NVIDIA Releases Polar: Scalable Reinforcement Learning Framework for Language Agents
Key Takeaways
- ▸Polar eliminates the traditional bottleneck of porting agent harnesses into RL environments by treating them as black boxes and reconstructing trajectories from LLM API interactions
- ▸Demonstrates substantial improvements on software-engineering benchmarks, with a 22.6-point gain on SWE-Bench Verified (Qwen3.5-4B + Codex) using simple GRPO
- ▸Decoupled architecture enables scalable, asynchronous RL training that is agnostic to specific agent harnesses, training infrastructure, and RL algorithms
Summary
NVIDIA has released Polar, an open-source rollout framework designed to train language agents using reinforcement learning at scale. The framework treats agent harnesses as black boxes, eliminating the need to port custom implementations into standard RL environments—a long-standing bottleneck in agent training. By proxying LLM API calls and reconstructing token-faithful trajectories, Polar decouples RL training from specific agent infrastructure while maintaining important training signals.

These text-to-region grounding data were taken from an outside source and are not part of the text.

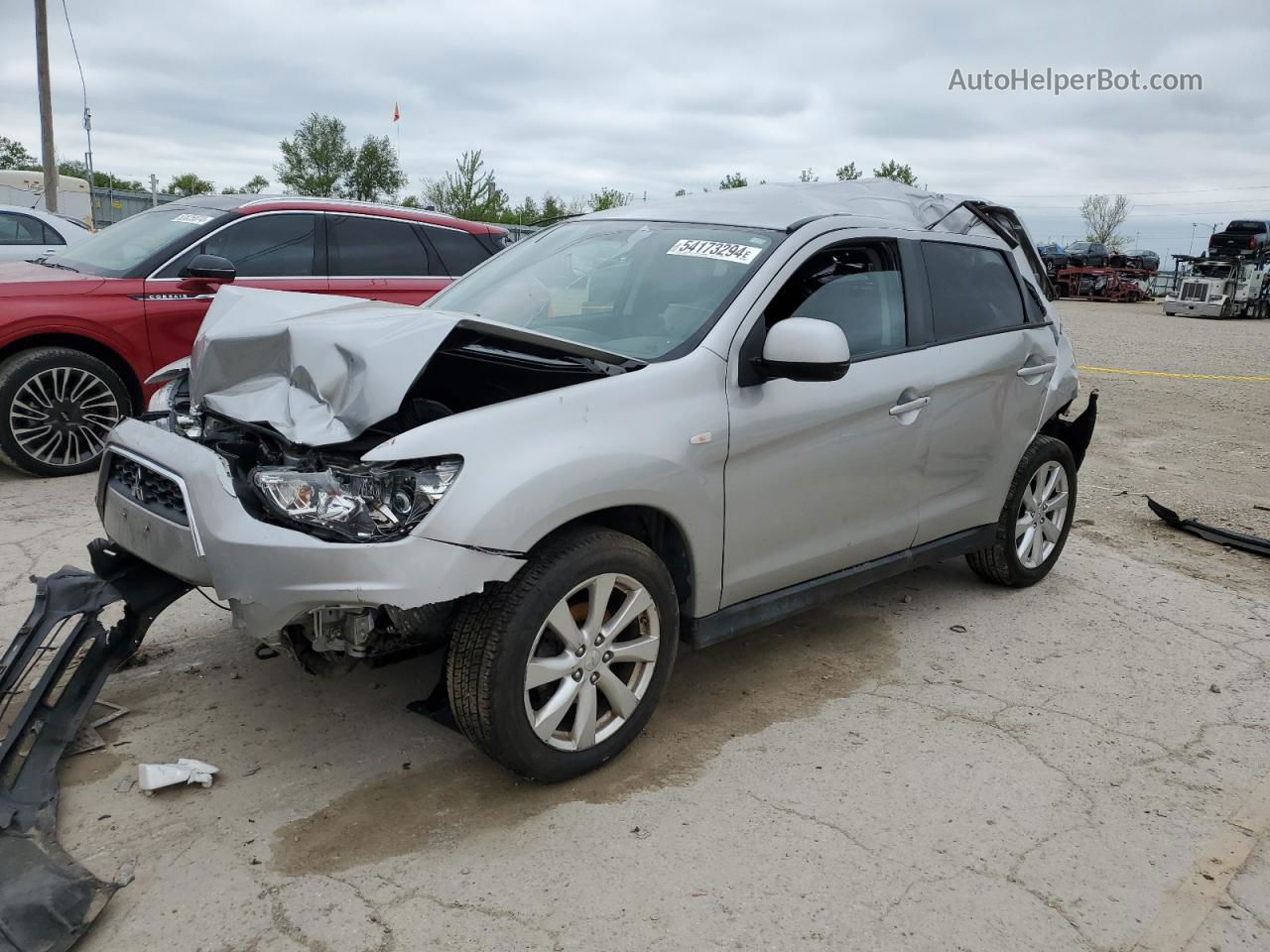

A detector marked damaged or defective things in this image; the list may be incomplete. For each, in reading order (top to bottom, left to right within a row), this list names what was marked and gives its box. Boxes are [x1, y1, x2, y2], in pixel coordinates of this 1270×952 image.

crumpled hood [192, 286, 461, 446]
broken headlight [250, 459, 464, 542]
crushed front fender [0, 540, 189, 949]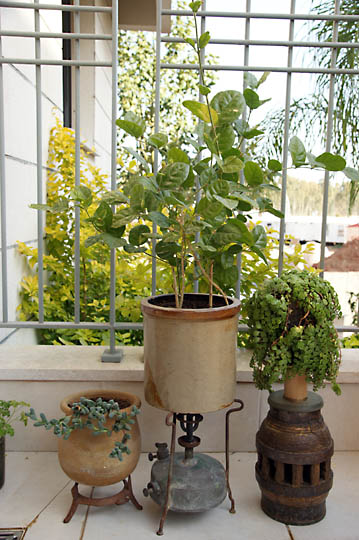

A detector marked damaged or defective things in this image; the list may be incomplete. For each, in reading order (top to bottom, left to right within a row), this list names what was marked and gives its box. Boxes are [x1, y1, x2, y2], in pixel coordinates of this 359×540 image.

rusty metal planter [142, 292, 240, 414]
rusty metal planter [256, 390, 334, 524]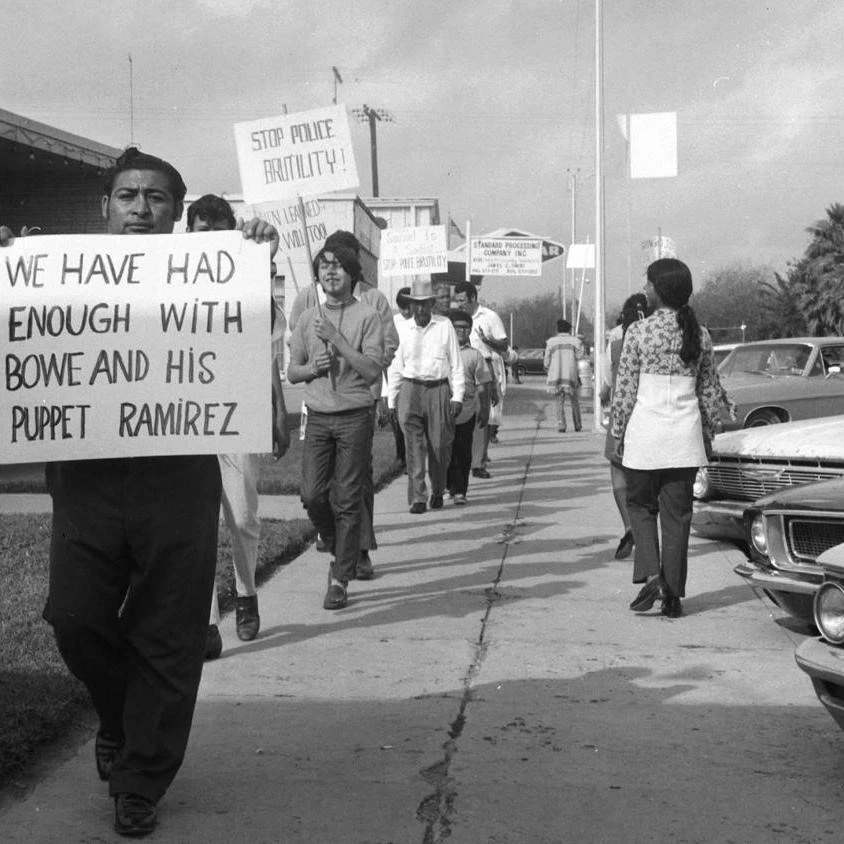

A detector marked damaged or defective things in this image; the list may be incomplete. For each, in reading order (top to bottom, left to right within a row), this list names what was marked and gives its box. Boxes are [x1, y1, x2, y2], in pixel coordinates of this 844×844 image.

crack in sidewalk [414, 418, 540, 844]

Validation on software-engineering tasks demonstrates significant improvements: Polar improved the Qwen3.5-4B model by 22.6 points on SWE-Bench Verified when trained with simple GRPO using the Codex harness, with improvements of 4.8, 0.6, and 6.2 points across Claude Code, Qwen Code, and Pi harnesses respectively. The framework efficiently manages runtime prewarming, agent execution, trajectory reconstruction, and evaluation in parallel across distributed rollout nodes.

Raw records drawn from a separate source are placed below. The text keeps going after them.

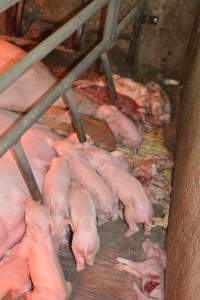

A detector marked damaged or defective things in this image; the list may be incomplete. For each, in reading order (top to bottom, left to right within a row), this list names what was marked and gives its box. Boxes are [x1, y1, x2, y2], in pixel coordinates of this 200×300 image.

rusty metal bar [0, 39, 105, 156]
rusty metal bar [0, 0, 108, 94]
rusty metal bar [63, 88, 86, 142]
rusty metal bar [99, 52, 117, 101]
rusty metal bar [11, 141, 41, 202]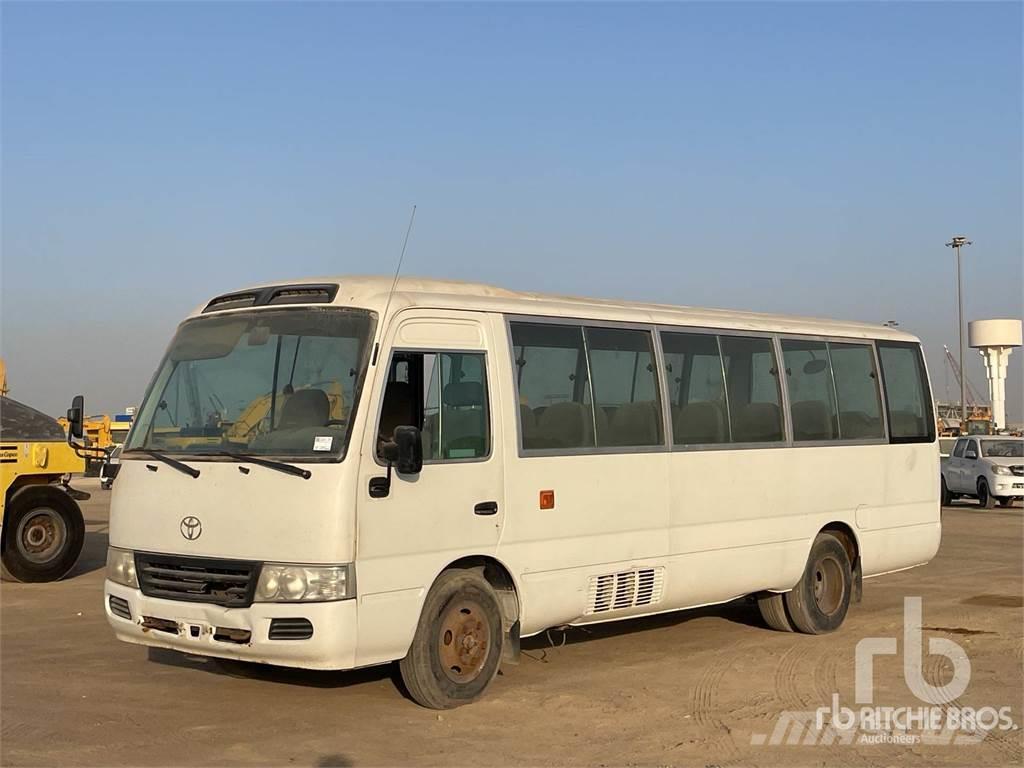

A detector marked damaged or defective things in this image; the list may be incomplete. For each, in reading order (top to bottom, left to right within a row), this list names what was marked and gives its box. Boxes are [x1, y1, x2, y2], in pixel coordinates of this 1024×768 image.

rusty wheel rim [15, 512, 66, 565]
rusty wheel rim [811, 552, 843, 618]
rusty wheel rim [436, 602, 491, 684]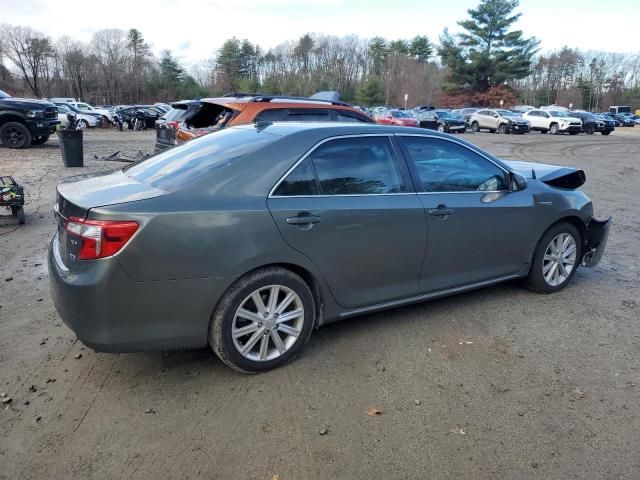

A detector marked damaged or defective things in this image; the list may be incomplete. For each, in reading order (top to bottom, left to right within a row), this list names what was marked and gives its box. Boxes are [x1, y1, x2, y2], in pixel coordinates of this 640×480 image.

cracked tail light lens [65, 218, 138, 260]
damaged rear bumper [580, 217, 608, 266]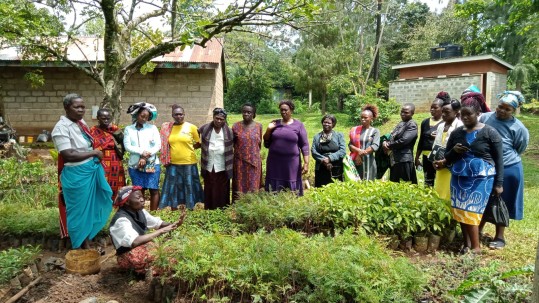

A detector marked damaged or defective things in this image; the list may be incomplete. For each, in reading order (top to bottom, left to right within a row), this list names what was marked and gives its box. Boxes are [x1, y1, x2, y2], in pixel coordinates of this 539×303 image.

rusty roof sheet [0, 37, 224, 64]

Polar has been registered as one of NVIDIA's NeMo Gym environments and succeeds the earlier Prorl Agent framework. Its agnostic design makes it compatible with arbitrary agent harnesses, different training infrastructure backends, and various RL algorithms, while improving compute utilization for long-running workloads—a critical requirement for modern AI agent training.
- Framework is now available as part of NVIDIA's NeMo Gym, positioning it for community adoption and integration with other agent-training systems
Editorial Opinion
Polar addresses a fundamental friction point in modern AI agent development: the difficulty of integrating custom agent systems with reinforcement learning training pipelines. By abstacting away harness-specific details and reconstructing token-level trajectories, the framework could accelerate development of more capable code-generation and software-engineering agents. The demonstrated improvements across multiple harnesses suggest this approach is both broadly applicable and effective—making it a potentially important tool for scaling agentic AI systems.